訪米中の尹大統領の「歴史問題脱却」発言は日本政府の決断を促す決定打となったはず。これで岸田首相が訪韓しても、改めて謝罪や反省を求められることはないと見極められた。
ただし、韓国世論がこれで収まるかは別問題である。野党や左派勢力に限らず、こと歴史問題に関して韓国民の感情は一致して厳しい。その中でセゲイルボは日本の空気も伝えながら、「謝罪と反省には言及しないだろう」との予測を載せた。
いたずらに“謝罪があるべきだ”として、岸田首相の足を止め、尹大統領のハードルを上げる必要はない。
慰安婦問題でも同様で、外相として2015年の日韓合意を結んだ岸田氏としては「解決済み」だ。ボールは韓国側に渡っており、後は履行があるだけだ。
日韓首脳会談で思い出されるのは2015年安倍晋三首相がソウルを訪れた時のことだ。青瓦台で会談を終えた安倍首相を送る朴槿恵大統領が「これからどうされますか」と問うた。ころは昼食時である。「近くの店で食べて帰ります」と答え、仁寺洞の韓国料理屋に向かった。韓国で客人に食事も出さずに帰すのは非礼でもあり恥でもある。朴氏の本意ではなく秘書陣の“策略”だと思いたい。それが朴女史に赤っ恥をかかせた。

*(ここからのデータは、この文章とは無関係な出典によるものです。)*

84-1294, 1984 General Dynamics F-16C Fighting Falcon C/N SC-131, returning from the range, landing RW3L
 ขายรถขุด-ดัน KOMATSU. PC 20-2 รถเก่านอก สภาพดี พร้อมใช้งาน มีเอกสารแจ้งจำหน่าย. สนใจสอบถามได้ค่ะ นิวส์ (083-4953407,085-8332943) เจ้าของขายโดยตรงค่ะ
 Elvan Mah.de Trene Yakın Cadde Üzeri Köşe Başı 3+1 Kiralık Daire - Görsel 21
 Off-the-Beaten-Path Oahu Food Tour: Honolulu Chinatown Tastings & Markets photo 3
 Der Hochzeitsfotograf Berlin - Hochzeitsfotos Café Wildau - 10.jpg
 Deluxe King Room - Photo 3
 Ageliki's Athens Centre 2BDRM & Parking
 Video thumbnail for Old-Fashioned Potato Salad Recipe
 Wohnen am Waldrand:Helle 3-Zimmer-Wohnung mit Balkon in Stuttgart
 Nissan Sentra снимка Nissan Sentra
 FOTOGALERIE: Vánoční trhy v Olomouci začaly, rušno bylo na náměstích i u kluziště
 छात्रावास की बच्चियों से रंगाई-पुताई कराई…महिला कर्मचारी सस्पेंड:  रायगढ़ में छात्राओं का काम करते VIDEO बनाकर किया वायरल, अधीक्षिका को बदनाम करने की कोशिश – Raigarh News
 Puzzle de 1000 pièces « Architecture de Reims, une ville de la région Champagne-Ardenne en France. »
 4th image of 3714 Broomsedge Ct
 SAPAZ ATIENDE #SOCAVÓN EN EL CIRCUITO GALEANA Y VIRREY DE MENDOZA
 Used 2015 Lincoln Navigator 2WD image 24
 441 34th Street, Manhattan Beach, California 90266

尹氏は3月の来日では銀座のすき焼き・しゃぶしゃぶ専門店「銀座吉澤」、2次会は「煉瓦亭」で好物のオムライスとヱビスビールを堪能した。岸田氏は政界きっての酒豪と聞く。ソウルでの尹氏のもてなしに関心が向く。
一気に日韓関係が好転することは難しいが、こうした話題が重なりながら、懸案や実務をこなしていく。韓国メディアには岸田氏の酒量報告を頼みたい。